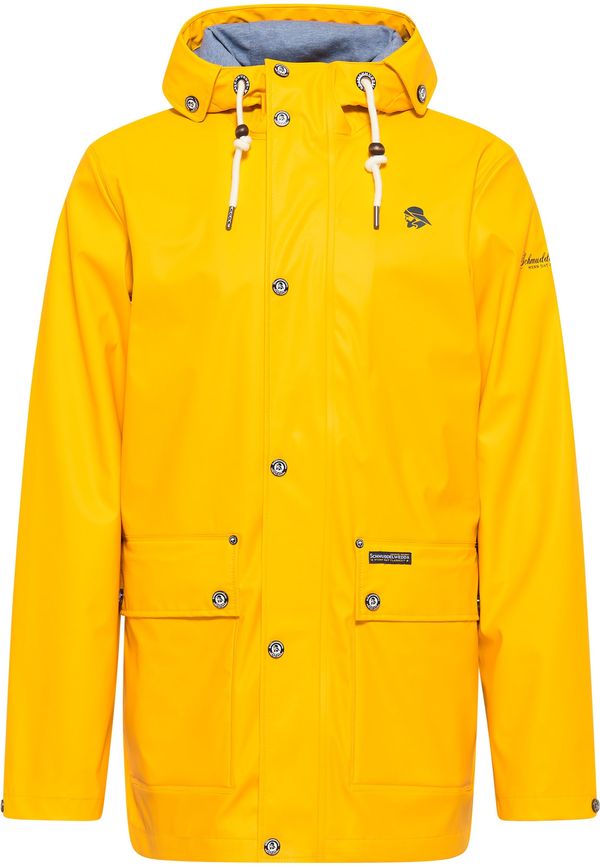 Schmuddelwedda Schmuddelwedda Функционално яке  морскосиньо / жълто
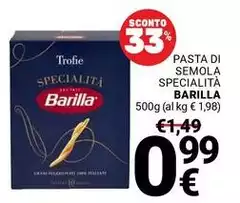 Barilla - Pasta Di Semola Specialita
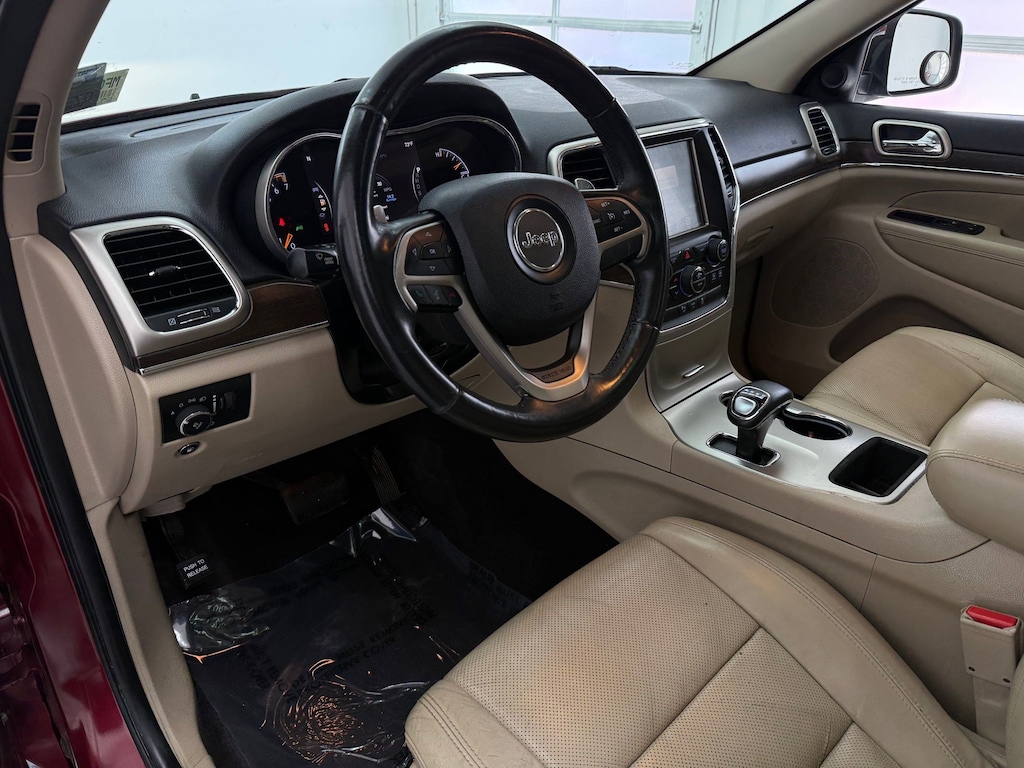 Used 2015 Jeep Grand Cherokee Limited SUV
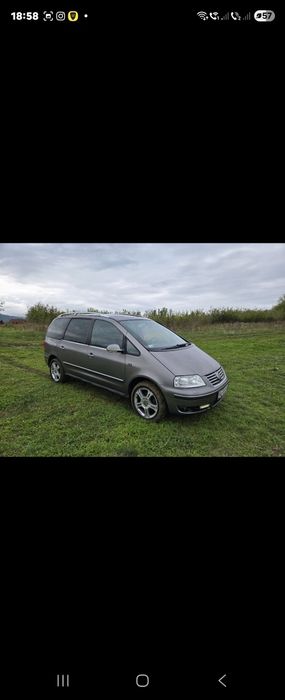 Vw sharan 2007 ,2 l diesel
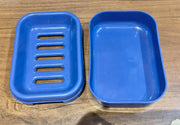 Compact soap case perfect for bathroom and travel use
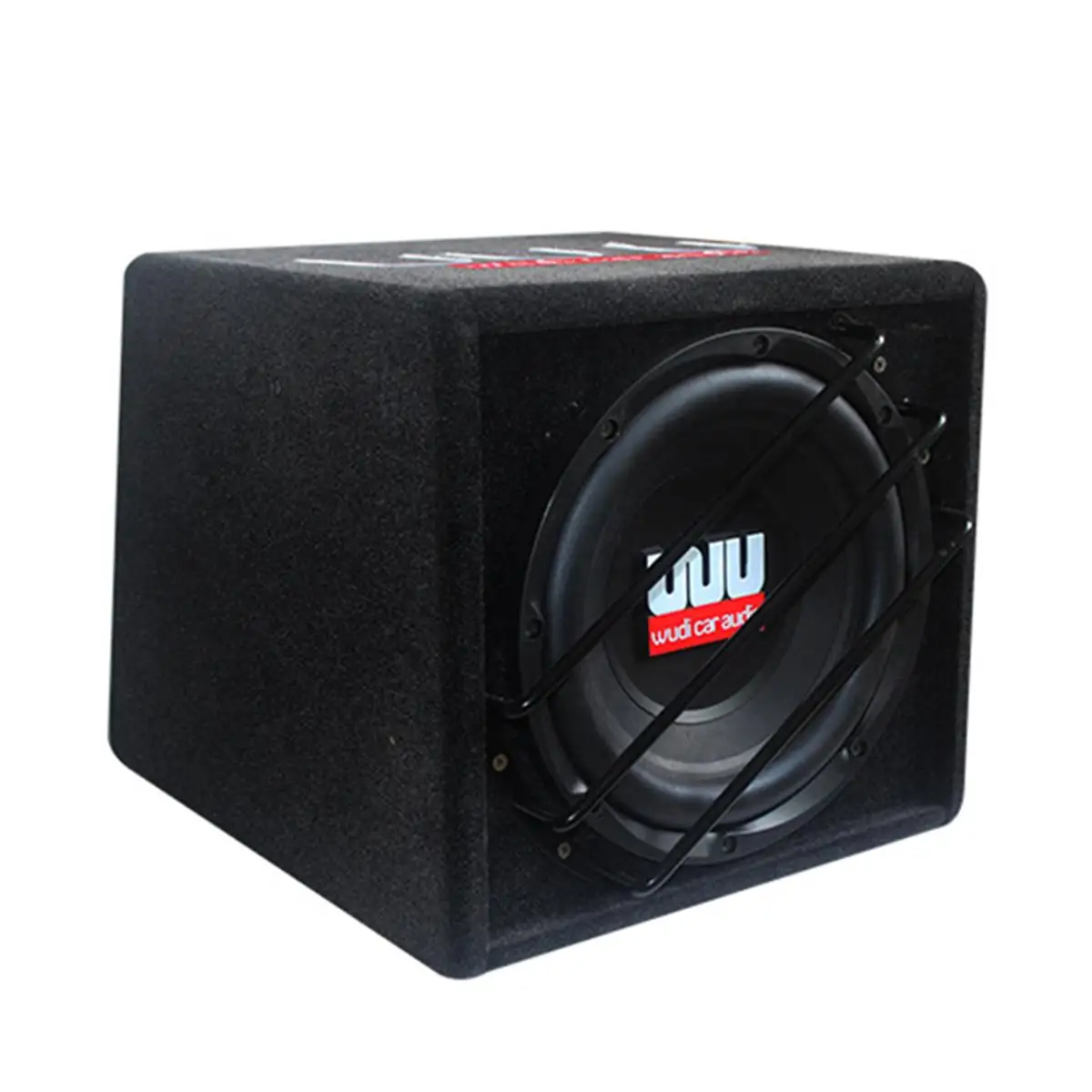 Cheap 10 inch 1200w Active Trapezoidal Overweight Car Audio Subwoofer Car Speakers Modified High Power Car Speaker 3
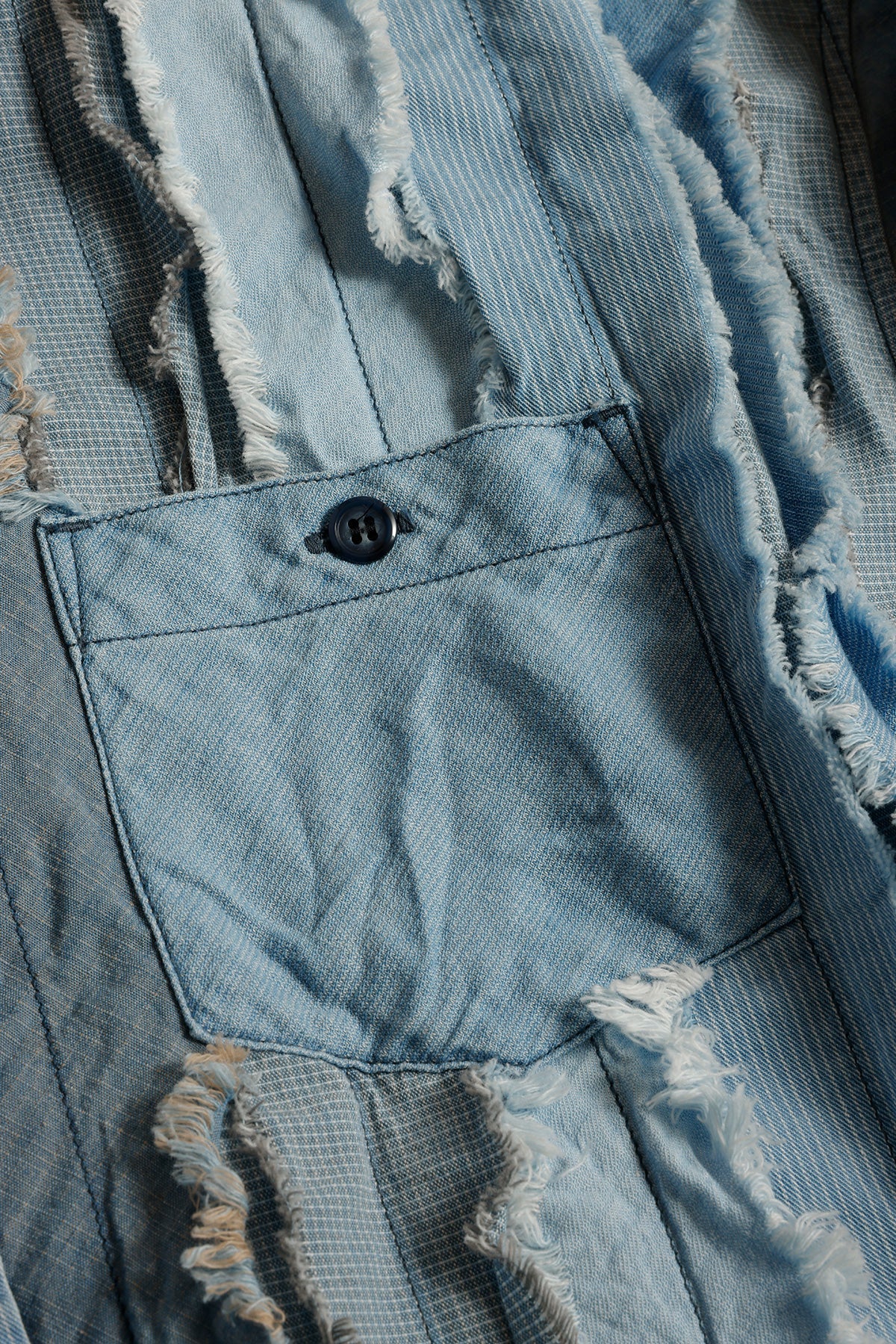 OBI STRIPE SHIRT 3YR WASH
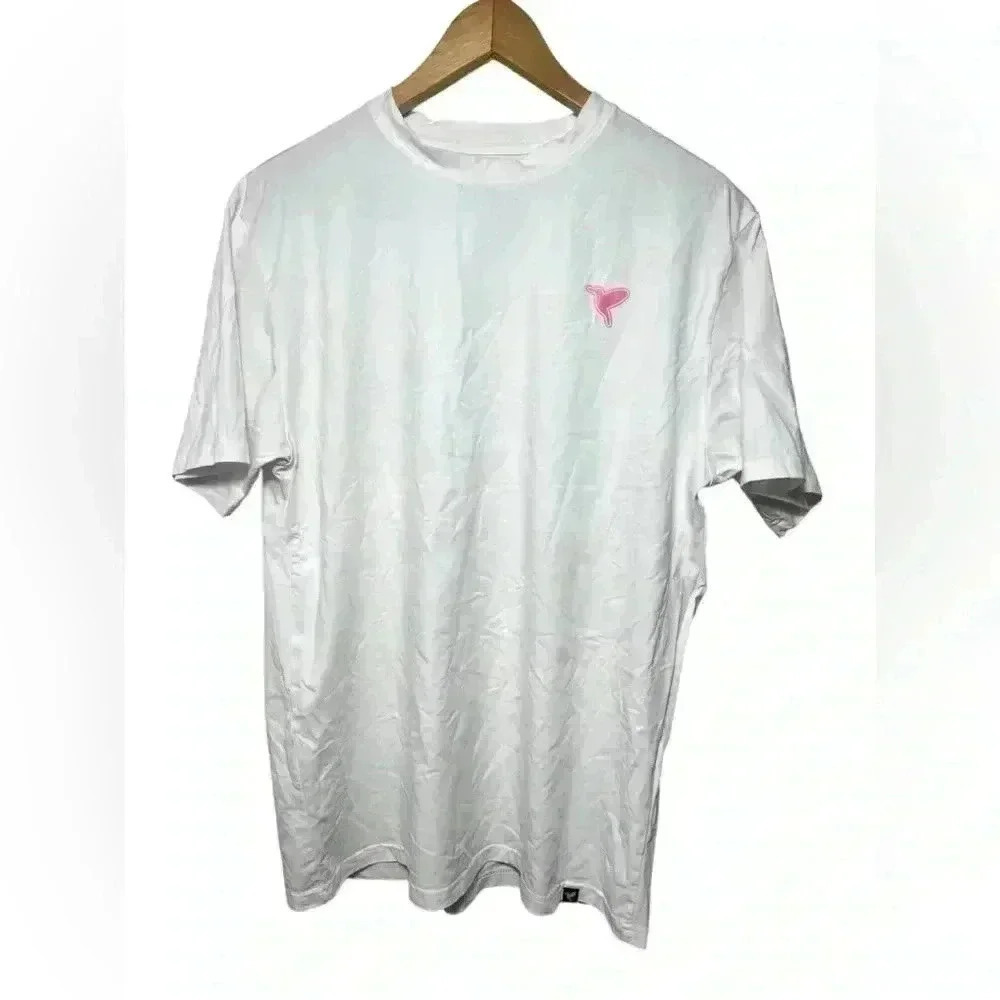 Bird Dogs‎ Short Sleeved Soft White Tee Size XL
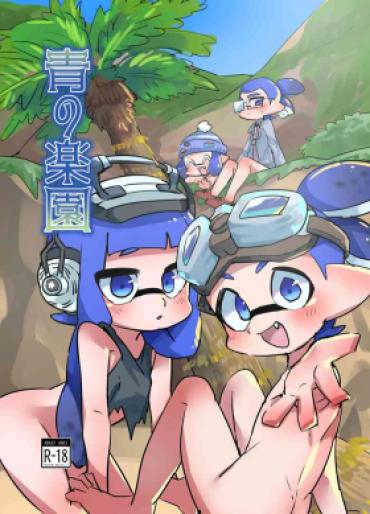 Titties Ao No Rakuen – Splatoon Couple Porn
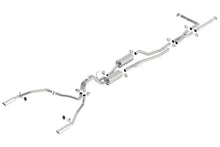 Load image into Gallery viewer, Borla 140697 S-Type Cat-Back Exhaust System Fits 11-14 F-150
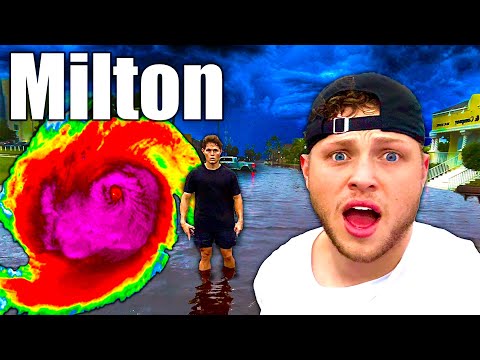 We Were Inside Hurricane Milton | FULL CHASE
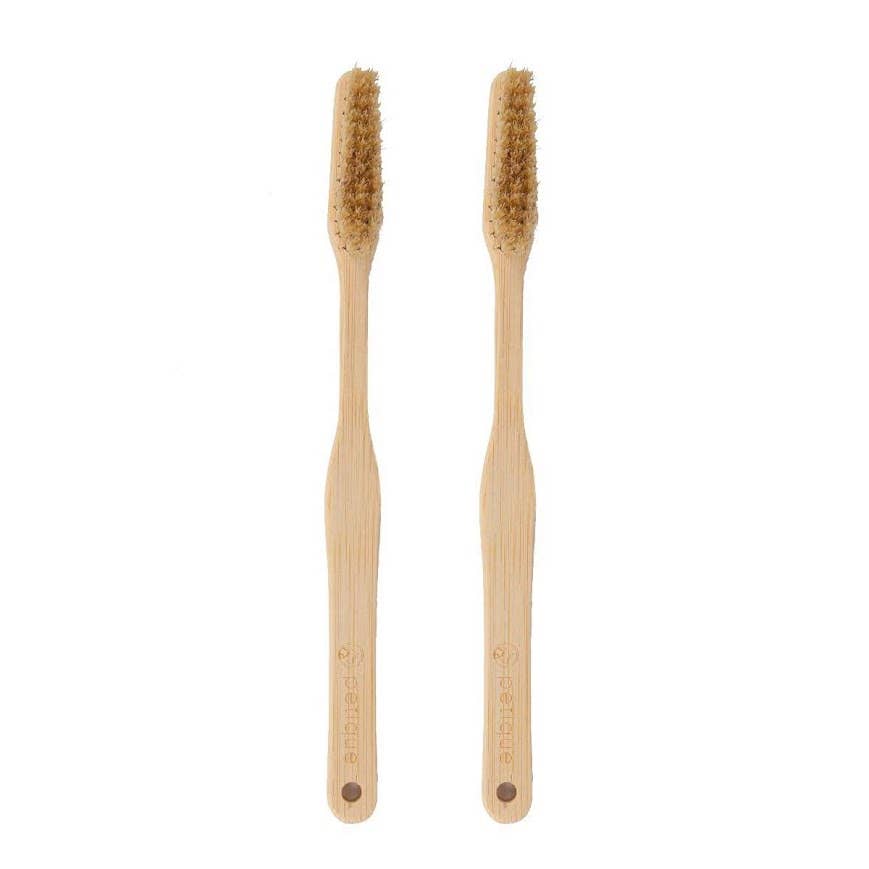 Eco-Friendly Bamboo Pet Toothbrush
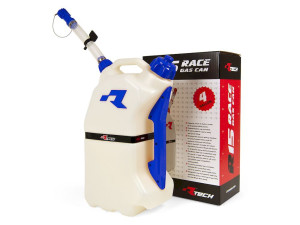 Racetech Benzinkanister 15 Liter Blau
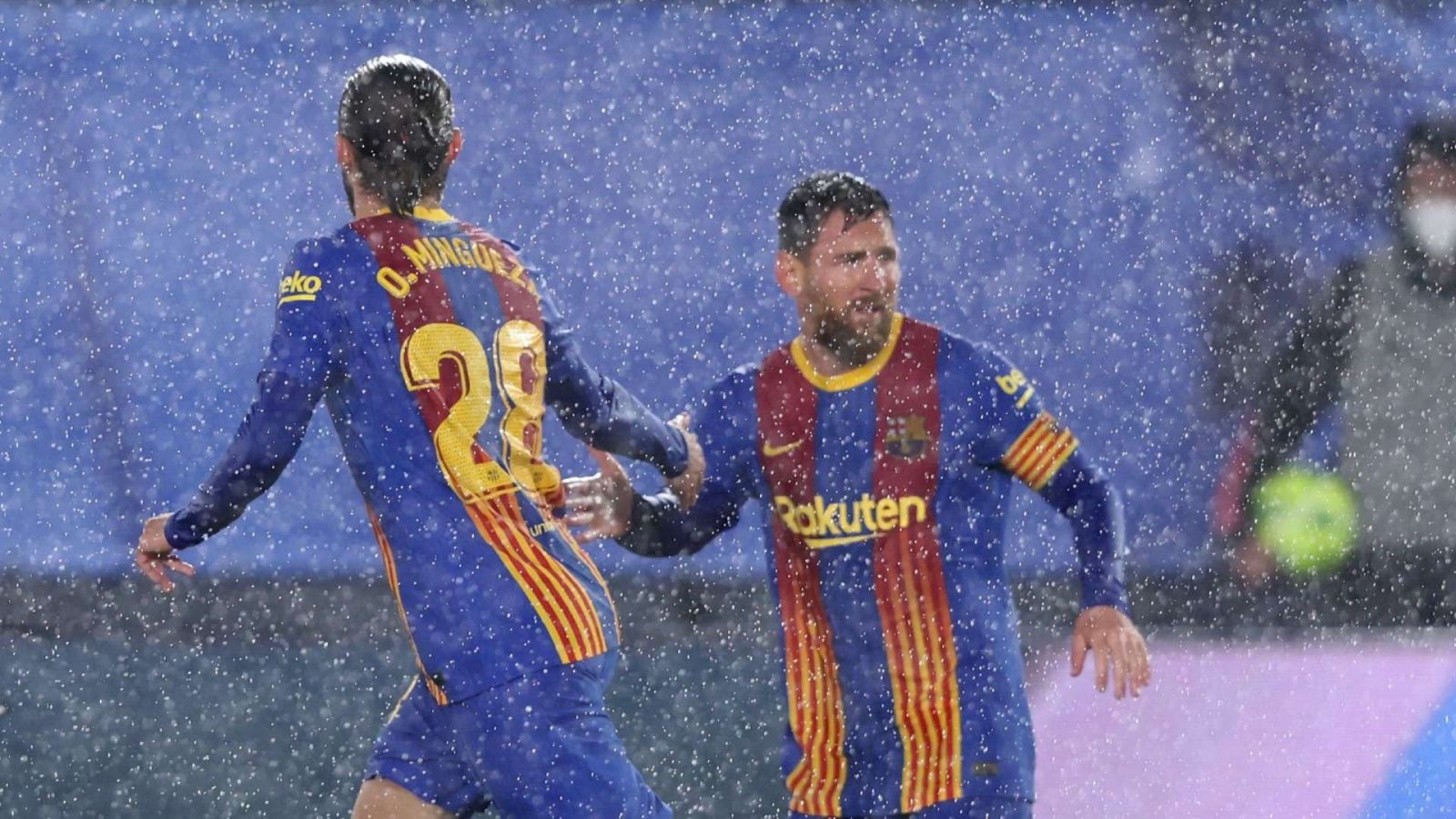 Messi run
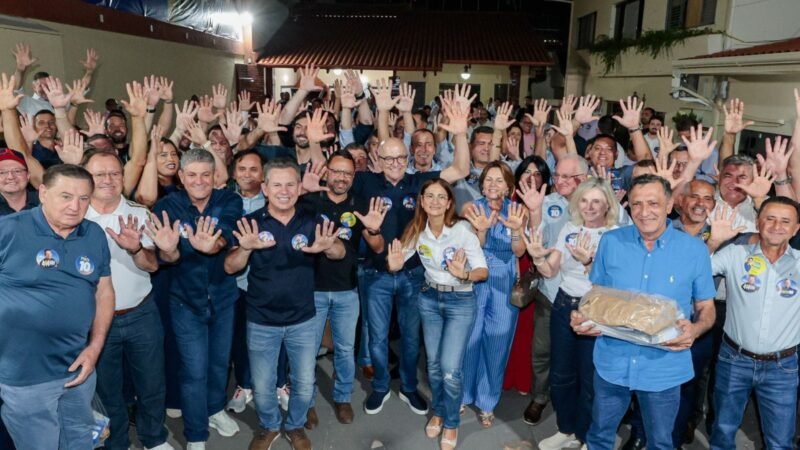 Mais de 130 prefeitos assinam carta de apoio à reeleição de Pivetta: “MT firme e para frente”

+--

__ABOUT THIS TASK__
Leave out the pictures and set down everything else in the entries above exactly.

__PROBLEM SOLUTION__
 Schmuddelwedda Schmuddelwedda Функционално яке  морскосиньо / жълто
 Barilla - Pasta Di Semola Specialita
 Used 2015 Jeep Grand Cherokee Limited SUV
 Vw sharan 2007 ,2 l diesel
 Compact soap case perfect for bathroom and travel use
 Cheap 10 inch 1200w Active Trapezoidal Overweight Car Audio Subwoofer Car Speakers Modified High Power Car Speaker 3
 OBI STRIPE SHIRT 3YR WASH
 Bird Dogs‎ Short Sleeved Soft White Tee Size XL
 Titties Ao No Rakuen – Splatoon Couple Porn
 Load image into Gallery viewer, Borla 140697 S-Type Cat-Back Exhaust System Fits 11-14 F-150
 We Were Inside Hurricane Milton | FULL CHASE
 Eco-Friendly Bamboo Pet Toothbrush
 Racetech Benzinkanister 15 Liter Blau
 Messi run
 Mais de 130 prefeitos assinam carta de apoio à reeleição de Pivetta: “MT firme e para frente”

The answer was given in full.